In family TST03, both parents were carriers of two different mutations in ETFDH gene, leading to AR Glutaric Acidemia Type IIC. This condition typically manifest with facial deformities, enlarged liver, hypoglycemia, acidosis, muscle weakness and heart conditions [19]. Such inheritance mode is termed compound heterozygosity, or sometimes referred to as heterozygous recessive mutation. Predicting the paternal mutation inheritance is straightforward, thus enabling to rule out a disease. However, the prediction of the maternal mutation inheritance is bioinformatically challenging, creating difficulty to predict a high risk for an affected fetus. In this case, both the DL and Bayesian approaches managed to correctly predict an affected fetus.
Discussion
This study introduced a DL-based model advancing NIPT-M, demonstrating noninvasive prediction of fetal inheritance with notable accuracy. The model outperformed existing standards across inheritance categories, especially in the most challenging scenario of dual heterozygosity scenarios. Utilizing ultra-deep WGS of cfDNA from a dataset of 10 family trios, each contributing millions of genetic variants, the approach processed extensive genetic variant data, highlighting its comprehensiveness. For comparison, the first attempts for DL variant calling and non-DL fetal genotyping involved a single genome [7]. The model accurately assessed mutation inheritance in all test cases involving parental carriers of deleterious SNVs, effective as early as the 7th week of gestation, the earliest week in which genome-wide NIPT-M was performed so far.

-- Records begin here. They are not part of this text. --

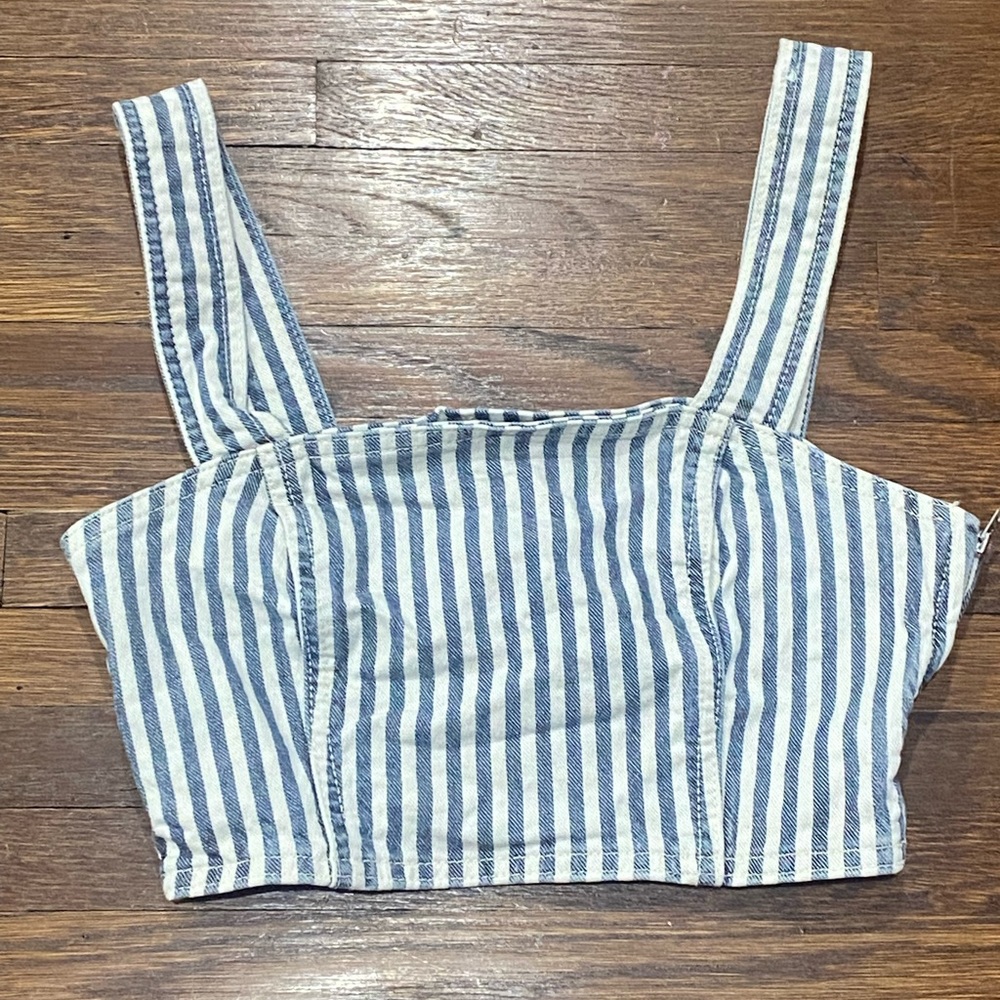 Zara Jean zip down to the side top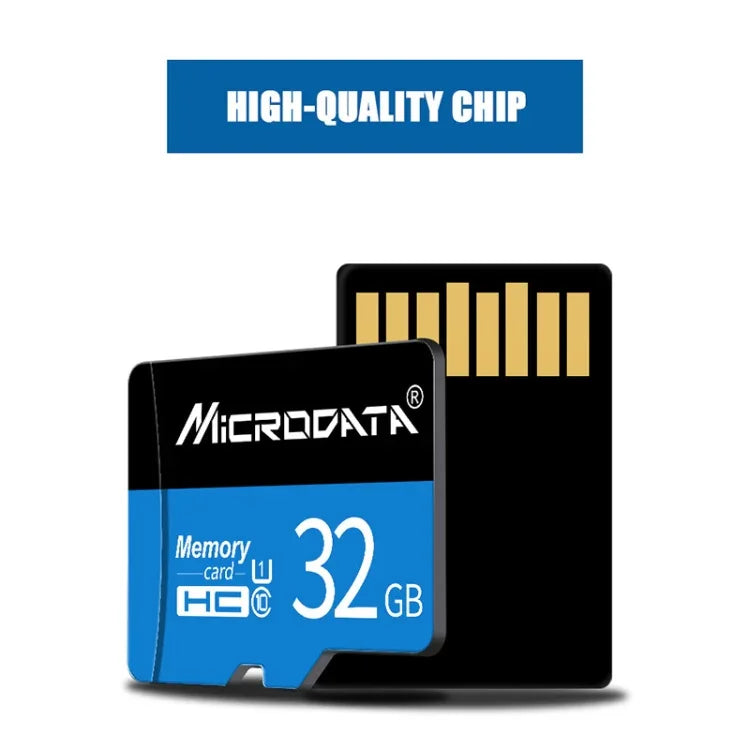 Thẻ nhớ MICRODATA 64GB U3 màu xanh dương và đen TF (Micro SD), 64GB
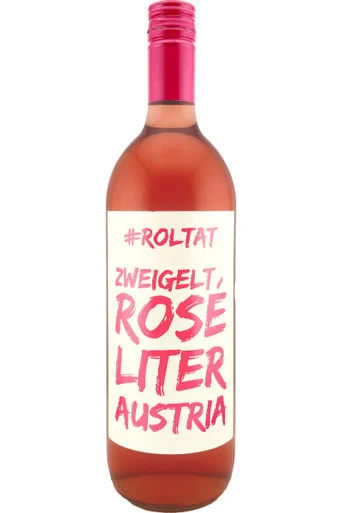 Helenental Kellerei Röschitz, Zweigelt #Roltat 1.0L Rosé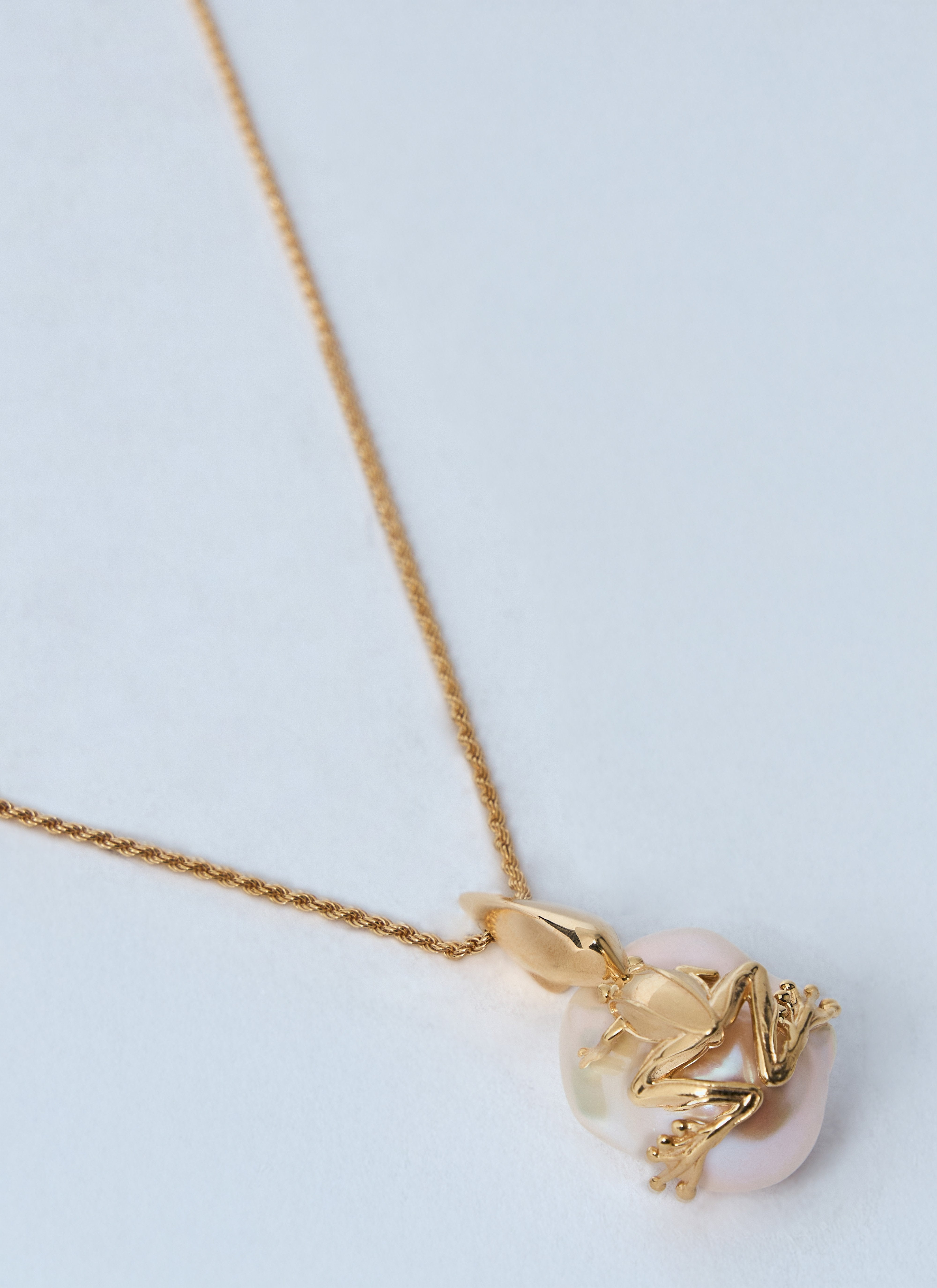 Bottega Veneta Women Rana Pearl Necklace - 2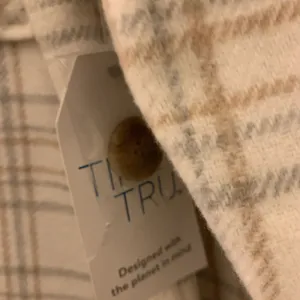 Time And Tru Women's Flannel Plaid Crop Jacket Shirt Shacket Size L 12-14 thumbnail 8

Our method is the first instance of a DL model being applied to NIPT-M, and one of a handful that apply DL to NIPT in general. Its success indicates potential broader uses in variant calling, pushing genomic research boundaries. This is particularly relevant in tumor liquid biopsy, where DL models could offer notable advantages. DeepHoobari, unlike previous models such as Hoobari, incorporates complex relationships between DNA fragments within a unified tensor, enabling contextual analysis not possible with Bayesian models that treat fragments as independent variables. Another example for the potential of using a DL model was shown in cases sparse data, e.g. low FF in early pregnancy stages, where it maintains robust performance. Such capability in both high and low FF scenarios distinguish our model from recent methods, especially in early pregnancy stages where accurate diagnostics are crucial for actionable clinical outcomes.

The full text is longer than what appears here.